Dados novos , mostram que Manoel do PL foi quem mais se aproximou da distribuição de votos Bolsonarista.O gráfico mostra distribuição comparada entre 2024 e 2022.
Fonte> Elaboração Própria com bases nos dados do TSE. Tendo em mãos a distribuição dos votos na cidade por seção eleitoral, é possível vislumbrar se a distribuição é semelhante entre os votos em diferentes pleitos. Cada ponto no gráfico é uma seção eleitoral — apenas aquelas que existiam tanto em 2024 quanto em 2022. A técnica é biplot, obtida por PCA; para mais detalhes da técnica, me procure
A seguir misturo três eleições: 2020, 2022 (para presidentes com os votos nos dois candidatos mais votados) e 2024.
Fonte: idem imagem anterior
O vencedor Manoel é o que mais se aproxima de Bolsonaro e, além disso, foi o que mais se beneficiou da queda de Pasqualini, pois sua votação pegou muito do voto de Pasqualini em 2020.
Isso não é apenas impressão. Quando olhamos os dados por seção eleitoral e comparamos onde Pasqualini perdeu mais votos com onde Manoel foi melhor, aparece uma correlação positiva relativamente forte (r = 0,56). Em termos simples: nas seções onde Pasqualini mais caiu, Manoel foi justamente onde mais cresceu.
Para quem não está acostumado com esse tipo de medida, a correlação vai de -1 a 1. Quanto mais perto de 1, mais as duas coisas “andam juntas”. Aqui, o valor é alto e estatisticamente muito significativo (p praticamente zero), o que indica que esse padrão dificilmente é aleatório.

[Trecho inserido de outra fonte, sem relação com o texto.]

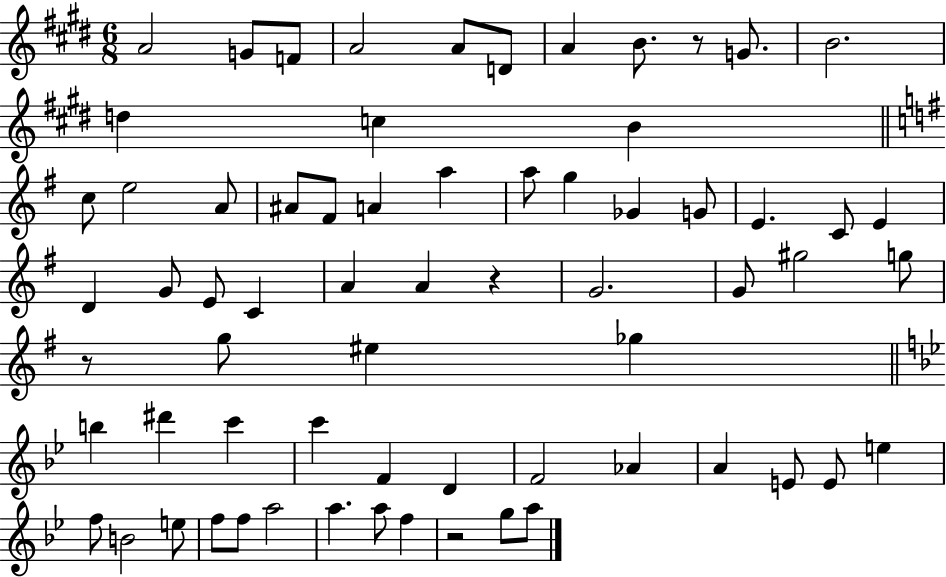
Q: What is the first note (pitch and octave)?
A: A4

Já no caso do miltismo, o movimento existe, mas é bem mais fraco. A correlação entre a queda do campo miltista e o desempenho de Manoel é de apenas 0,17, com significância marginal. Ou seja, até houve alguma migração, mas longe de ser o principal motor da vitória.
Por outro lado, quando olhamos a relação direta com o voto bolsonarista, o padrão reaparece com força. A correlação entre o voto em Bolsonaro em 2022 e o voto em Manoel em 2024 é de 0,55 — praticamente do mesmo tamanho da observada com a queda de Pasqualini. Em termos substantivos, isso indica que Manoel conseguiu capturar de forma bastante eficiente esse eleitorado.
Isso ajuda a entender melhor o que aconteceu. A queda de Pasqualini não se deu no vazio: ela ocorreu porque, desta vez, ofertou-se de forma mais clara e organizada um candidato reconhecidamente bolsonarista, inclusive filiado ao partido de Bolsonaro. Diferente de 2020, quando esse espaço estava mais fragmentado, em 2024 houve uma canalização mais direta desse voto.
O modelo de regressão reforça esse ponto. A cada ponto de queda de Pasqualini, Manoel cresce, em média, 0,64 pontos — um efeito grande e altamente significativo. Sozinha, essa variável já explica cerca de 31% da variação do voto de Manoel entre as seções, o que é bastante coisa para dados eleitorais.
Em suma, há uma dupla explicação para a vitória acachapante de Manoel: de um lado, a captura direta do eleitorado bolsonarista; de outro, a absorção de uma parte relevante do antigo voto de Pasqualini, que ficou sem uma oferta competitiva equivalente. O que não ocorreu com a mesma intensidade no campo miltista, que já vinha reduzido e, por isso, teve menor capacidade de transferir votos.